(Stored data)
----------------------------------------

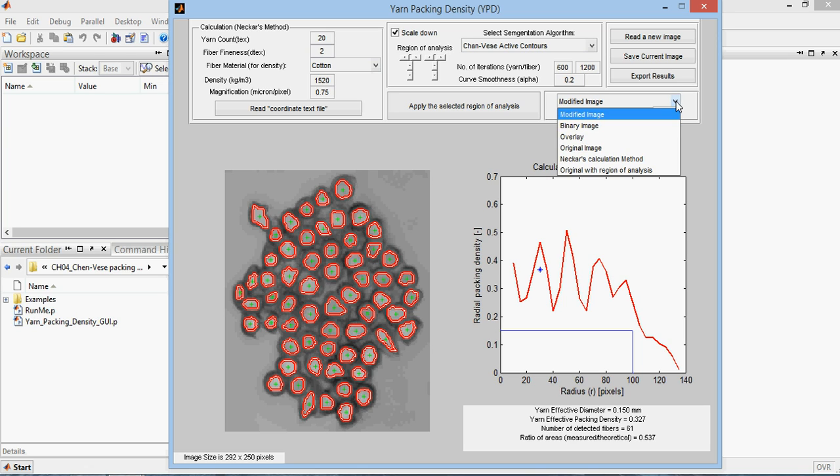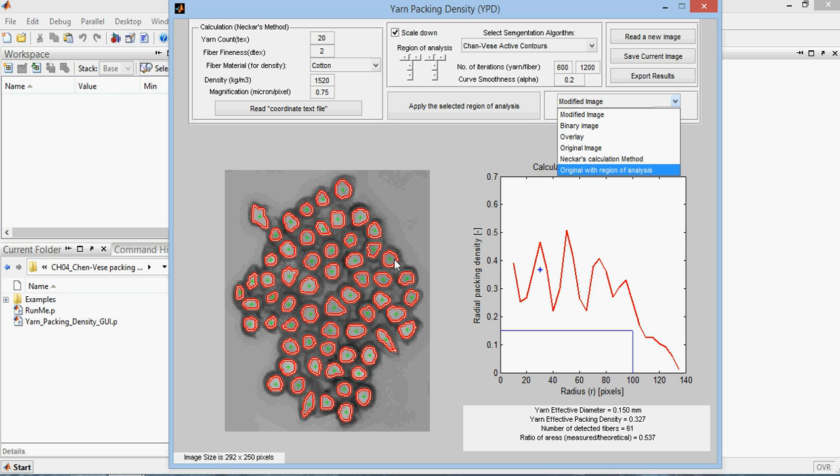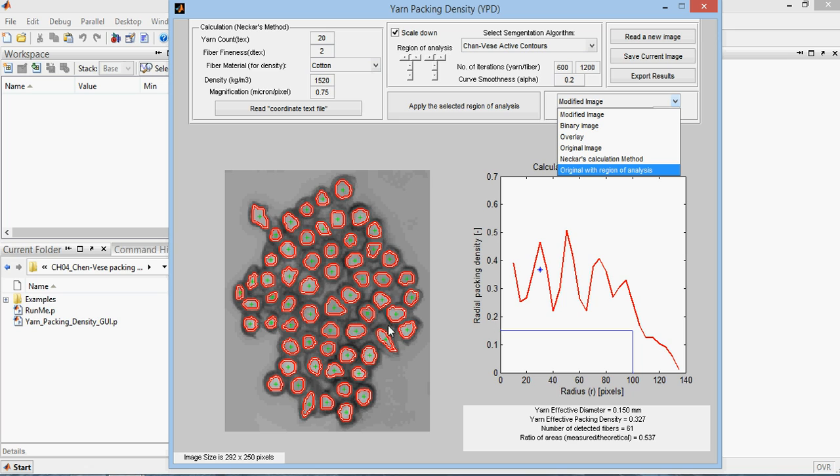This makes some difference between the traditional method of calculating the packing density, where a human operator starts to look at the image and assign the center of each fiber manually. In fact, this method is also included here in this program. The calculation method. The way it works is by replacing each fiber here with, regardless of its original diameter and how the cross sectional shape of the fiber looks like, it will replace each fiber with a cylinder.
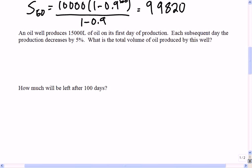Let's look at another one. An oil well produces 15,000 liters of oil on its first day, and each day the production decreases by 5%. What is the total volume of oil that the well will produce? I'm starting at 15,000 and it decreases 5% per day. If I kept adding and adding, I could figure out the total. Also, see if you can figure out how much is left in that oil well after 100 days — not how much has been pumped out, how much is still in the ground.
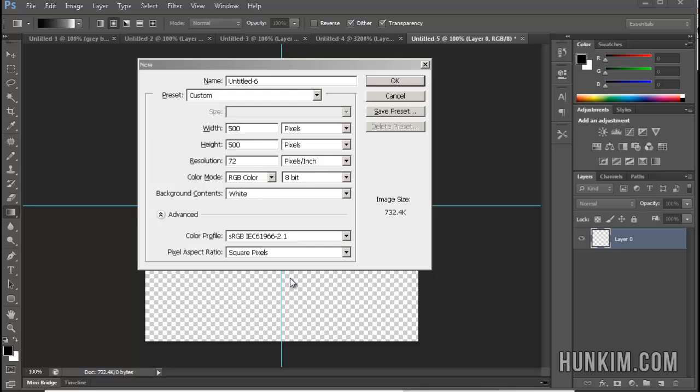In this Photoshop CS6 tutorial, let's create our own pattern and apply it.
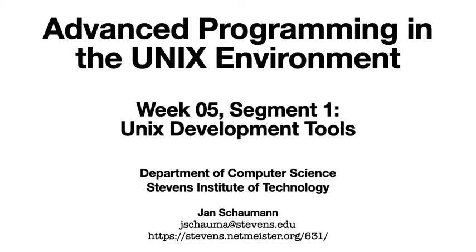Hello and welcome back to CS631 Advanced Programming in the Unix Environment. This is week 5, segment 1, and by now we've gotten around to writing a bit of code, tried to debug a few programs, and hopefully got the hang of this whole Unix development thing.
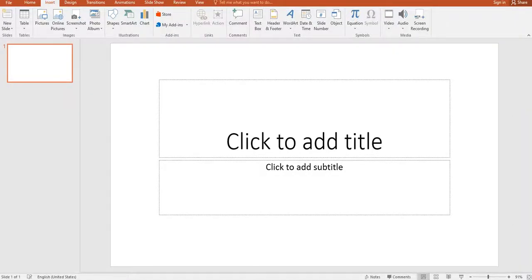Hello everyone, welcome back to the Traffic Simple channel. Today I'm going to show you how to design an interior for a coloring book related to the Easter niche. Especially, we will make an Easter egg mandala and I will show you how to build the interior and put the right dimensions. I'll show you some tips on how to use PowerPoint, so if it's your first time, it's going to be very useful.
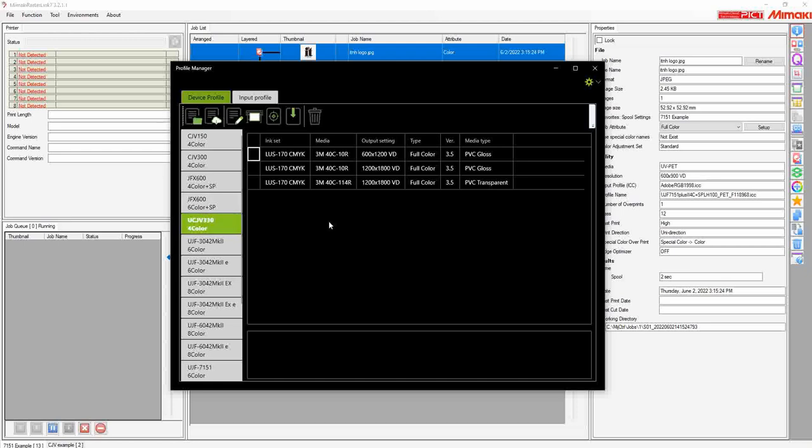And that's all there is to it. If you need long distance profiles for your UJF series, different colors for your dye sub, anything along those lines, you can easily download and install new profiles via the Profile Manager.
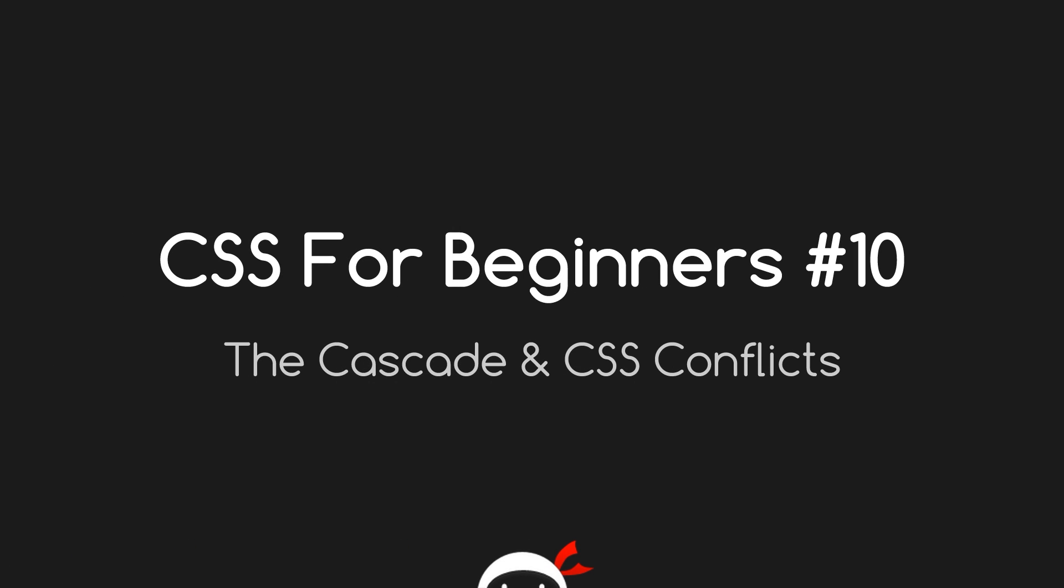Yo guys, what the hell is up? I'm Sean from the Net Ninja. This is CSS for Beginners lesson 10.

----------------------------------------

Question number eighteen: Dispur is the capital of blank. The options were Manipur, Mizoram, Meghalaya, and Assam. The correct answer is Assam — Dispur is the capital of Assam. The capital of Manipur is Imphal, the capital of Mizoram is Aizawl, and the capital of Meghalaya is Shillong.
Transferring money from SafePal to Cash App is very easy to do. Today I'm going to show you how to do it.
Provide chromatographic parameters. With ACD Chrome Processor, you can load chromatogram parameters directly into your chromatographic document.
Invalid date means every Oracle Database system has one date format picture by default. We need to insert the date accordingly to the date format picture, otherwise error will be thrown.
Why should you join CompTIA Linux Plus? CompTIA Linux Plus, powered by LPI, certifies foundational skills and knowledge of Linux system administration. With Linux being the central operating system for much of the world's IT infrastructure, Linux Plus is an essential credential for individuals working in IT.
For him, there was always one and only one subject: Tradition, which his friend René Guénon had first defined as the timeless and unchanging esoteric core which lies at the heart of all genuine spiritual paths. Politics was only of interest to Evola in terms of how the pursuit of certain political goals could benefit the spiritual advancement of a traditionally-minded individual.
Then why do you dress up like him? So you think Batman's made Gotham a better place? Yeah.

----------------------------------------

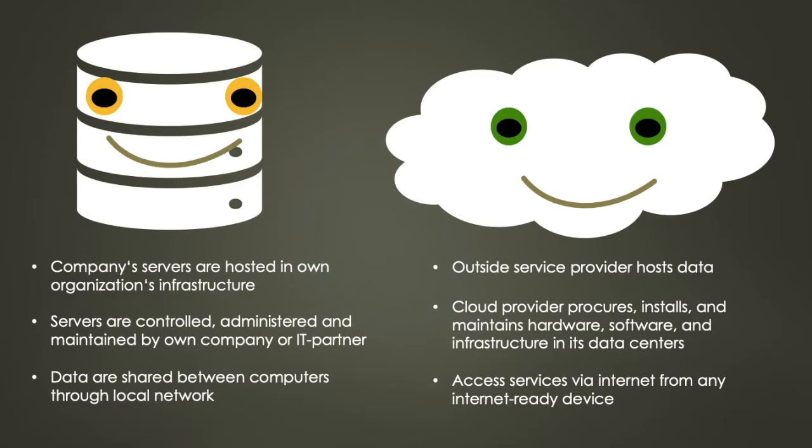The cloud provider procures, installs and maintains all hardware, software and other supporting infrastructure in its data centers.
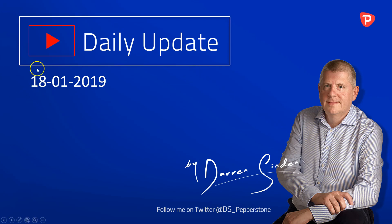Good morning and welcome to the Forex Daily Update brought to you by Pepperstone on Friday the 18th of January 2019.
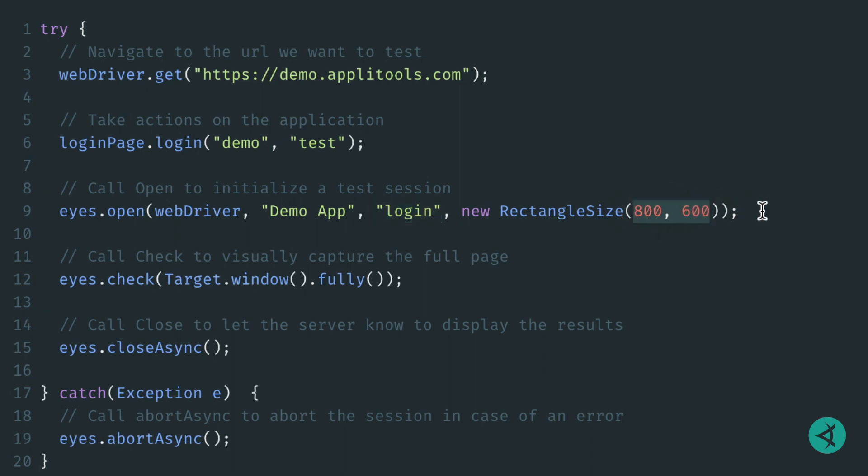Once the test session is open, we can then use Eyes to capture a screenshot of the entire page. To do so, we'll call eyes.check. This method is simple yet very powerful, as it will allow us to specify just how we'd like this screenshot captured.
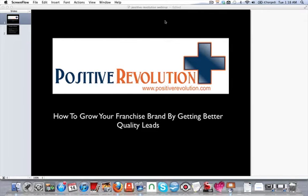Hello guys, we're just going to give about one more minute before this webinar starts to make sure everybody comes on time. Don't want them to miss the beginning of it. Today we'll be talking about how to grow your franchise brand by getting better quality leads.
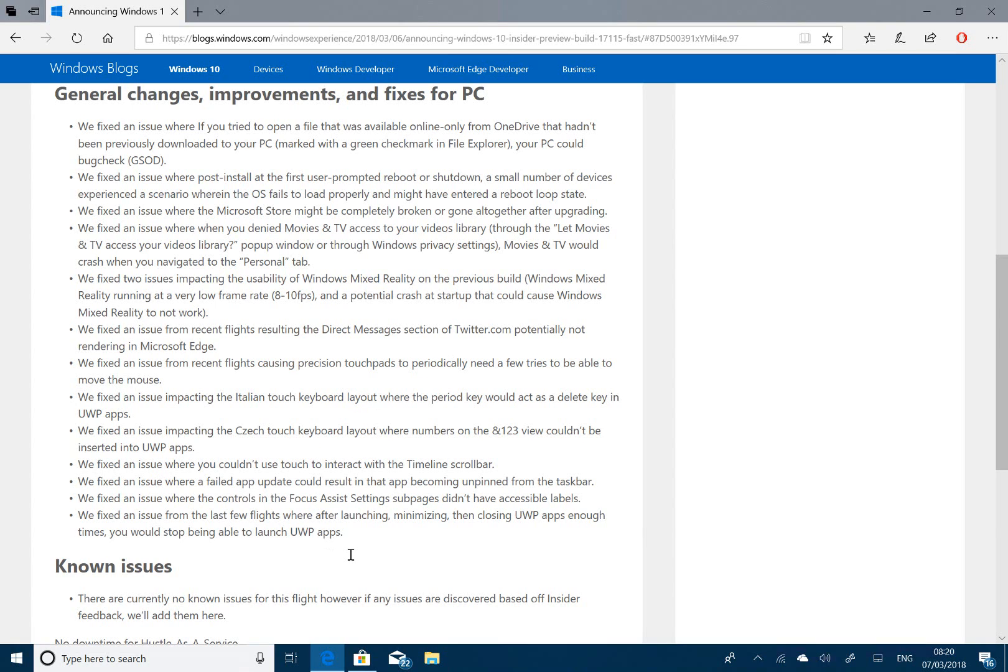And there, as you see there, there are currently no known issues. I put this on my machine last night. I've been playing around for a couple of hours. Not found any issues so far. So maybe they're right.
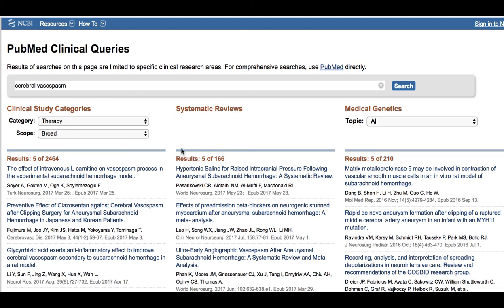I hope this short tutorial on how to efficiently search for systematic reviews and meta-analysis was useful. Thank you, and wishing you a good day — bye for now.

----------------------------------------

■ TASK DIRECTIONS: Beginning at the line with "Transferring money from" and ending at the line with "Why should you", reproduce each line of the data above exactly, and add no other lines.

■ TASK RESPONSE:
Transferring money from SafePal to Cash App is very easy to do. Today I'm going to show you how to do it.
Provide chromatographic parameters. With ACD Chrome Processor, you can load chromatogram parameters directly into your chromatographic document.
Invalid date means every Oracle Database system has one date format picture by default. We need to insert the date accordingly to the date format picture, otherwise error will be thrown.
Why should you join CompTIA Linux Plus? CompTIA Linux Plus, powered by LPI, certifies foundational skills and knowledge of Linux system administration. With Linux being the central operating system for much of the world's IT infrastructure, Linux Plus is an essential credential for individuals working in IT.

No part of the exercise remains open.